# funtional vs blind teat



## Deena (Jan 31, 2009)

Awhile back I traded for a doe I didnt realize she had a 3rd teat she is from good milk lines but due to her little defect we will not register her I had the option of returning her how ever shes a big lapdog of a pet so I decided to keep her and love her anyways. Her 3rd teat is tiny how can you tell if it will be functional?


----------



## StaceyRosado (Oct 5, 2007)

I doubt it will be functional - it is usually called a fish teat and yes you are right it is a DQ fault. But for milking purposes it shouldnt be an issue. 

Have you bred her yet?


----------



## Deena (Jan 31, 2009)

Stacey its not split like fish teats its well over and in front of her other teat but its mabe 1/4 the size of her other teats.I meant to have the vet take a look when he was out but you know me I forgot. Shes only 2 months old and a lap dog she is so sweet.Her favorite place is in my lap.


----------



## StaceyRosado (Oct 5, 2007)

Someone correct me but a fish teat and a split teat are two differnt things. Split teats can be functional but a fish teat rarely is. 

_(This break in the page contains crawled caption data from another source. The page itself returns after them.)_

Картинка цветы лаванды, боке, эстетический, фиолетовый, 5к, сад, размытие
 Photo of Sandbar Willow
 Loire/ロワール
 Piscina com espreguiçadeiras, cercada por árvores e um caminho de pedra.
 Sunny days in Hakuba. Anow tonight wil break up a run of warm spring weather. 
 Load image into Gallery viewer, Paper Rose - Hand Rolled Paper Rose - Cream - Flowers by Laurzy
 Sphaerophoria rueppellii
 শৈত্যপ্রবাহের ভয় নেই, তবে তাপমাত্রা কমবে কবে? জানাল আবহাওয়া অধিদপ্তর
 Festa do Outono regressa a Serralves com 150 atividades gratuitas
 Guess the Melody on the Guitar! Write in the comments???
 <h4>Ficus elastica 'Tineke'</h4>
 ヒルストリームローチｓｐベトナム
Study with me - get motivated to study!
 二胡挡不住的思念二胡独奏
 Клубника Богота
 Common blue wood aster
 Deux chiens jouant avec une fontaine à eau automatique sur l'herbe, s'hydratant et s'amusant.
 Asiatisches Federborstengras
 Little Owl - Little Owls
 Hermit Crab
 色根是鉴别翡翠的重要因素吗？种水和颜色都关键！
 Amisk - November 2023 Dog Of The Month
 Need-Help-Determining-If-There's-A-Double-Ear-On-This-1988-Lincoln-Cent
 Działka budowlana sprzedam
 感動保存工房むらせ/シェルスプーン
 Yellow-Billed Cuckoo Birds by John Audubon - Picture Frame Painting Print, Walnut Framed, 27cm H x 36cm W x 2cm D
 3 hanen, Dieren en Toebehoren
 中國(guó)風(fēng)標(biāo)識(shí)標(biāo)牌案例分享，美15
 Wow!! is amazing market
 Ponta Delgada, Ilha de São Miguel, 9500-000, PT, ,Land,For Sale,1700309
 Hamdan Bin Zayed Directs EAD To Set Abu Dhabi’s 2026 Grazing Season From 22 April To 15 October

I had a doe with a split teat - kids loved that side!!!! I had another doe with a fish teat and it was further up on her udder and it was never functioning.


----------



## Deena (Jan 31, 2009)

Since I cant post pics it looks something like this..http://www.homesteadingtoday.com/showthread.php?t=297643&highlight=extra+teat


----------



## goathappy (Oct 5, 2007)

I thought that fish teats and split teats were the same :shrug: 

On the boers, a lot of them have extra teats(we have one with 5 teats) some are functional, some aren't.


----------



## liz (Oct 5, 2007)

That would not be called a "fishteat"....thts just an extra and no itwould not be functional, it will pretty muh just be a "mole" type lump on the udder and when she freshens it will "disapear".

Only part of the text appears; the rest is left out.